If you look at the two dog pictures above, you might thought they are the same breed. But, you would be surprised to know that they are quite different. The left one is Brittany, and the right one Welsh Springer Spaniel. There are thousands of different dog breeds in the world. Some of them are so visually distinct that it is easily possible to tell their breeds from their images. But, for some breeds like the above image pair, it is quite difficult to distinguish them. In order to solve this problem, I want to leverage the state of art of image classification model on Imagenet to teach computer to predict dog's breed from an image by training it using 6680 images of 133 breeds, 835 images for validation and 836 images for testing.
Aside from the big problem of dog breed classification, I would like to tackle two minor but interesting problems as well such as human face detection and dog detection using computer vision and machine learning techniques. Using these three solutions, I would like to build an application that could be used as part of a mobile or web app. This application will accept any user-supplied image as input. If a dog is detected in the image, it will provide an estimate of the dog's breed. If a human is detected, it will provide an estimate of the dog breed that is most resembling. If it detects neither a dog nor a human, it will give an appropriate error message.
Since we are dealing with a multi-classification problem here and the data is slightly imbalanced, I used accuracy evaluation metric and negative log-likelihood loss function. The main objective in a learning model is to reduce (minimize) the loss function's value with respect to the model's parameters by changing the weight vector values through different optimization methods, such as backpropagation in neural networks.
Loss value implies how well or poorly a certain model behaves after each iteration of optimization. Ideally, one would expect the reduction of loss after each, or several, iteration(s).
The accuracy of a model is usually determined after the model parameters are learned and fixed and no learning is taking place. Then the test samples are fed to the model and the number of mistakes (zero-one loss) the model makes are recorded, after comparison to the true targets. Then the percentage of misclassification is calculated.
For example, if the number of test samples is 1000 and model classifies 950 of those correctly, then the model's accuracy is 95.0%. Ref
Also, we have employed 3 types of error metrics namely top-1, top-3 and top-5 error.

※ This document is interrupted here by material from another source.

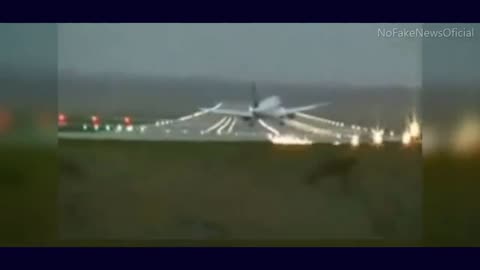 Aircraft landing in extreme wind condition - Part02
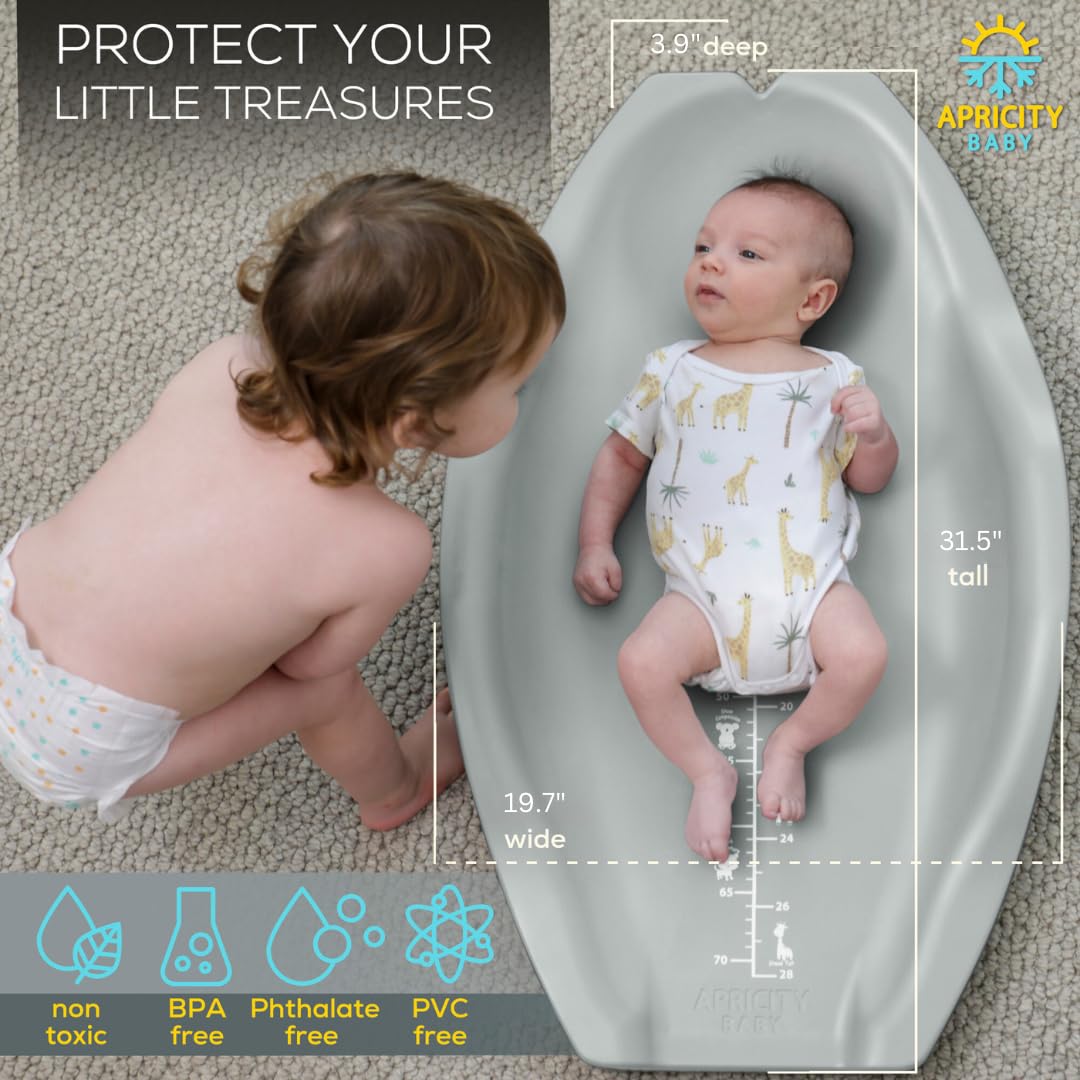 Apricity Baby Changing Pod -Sage- Waterproof Non-Slip Changing Pad Easy-to-Clean Diaper Changing Station for Dresser Tops Large Portable Wipeable Changing Pad for Newborns to Toddlers Diaper Changer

In the case of top-1 error, we check if the top class (the one having the highest probability) is not the same as the target label.
In the case of top-3 errore, we check if the target label is not one of our top 3 predictions (the 3 ones with the highest probabilities)
In the case of top-5 error, we check if the target label is not one of our top 5 predictions (the 5 ones with the highest probabilities).
From the train, test and valid dataset of dog images, we get the following distribution and statistics:
Each image in the train, valid and text dataset goes thorugh a number of preprocessing steps:
- Train and Valid Dataset images goes through a series of transforms.RandomRotation(10), transforms.Resize(256), transforms.CenterCrop(224),transforms.RandomHorizontalFlip()
- Test Dataset images goes through a series of transforms.Resize(256) and transforms.CenterCrop(224)
- Normalize: Each image is normalized by mean=[0.485, 0.456, 0.406] and std=[0.229, 0.224, 0.225]
The implementation of the project is divided into following steps:
We use OpenCV's implementation of Haar feature-based cascade classifiers to detect human faces in images. OpenCV provides many pre-trained face detectors, stored as XML files on github. We have downloaded one of these detectors and stored it in the haarcascades directory.
Before using any of the face detectors, it is standard procedure to convert the images to grayscale. The detectMultiScale function executes the classifier stored in face_cascade and takes the grayscale image as a parameter.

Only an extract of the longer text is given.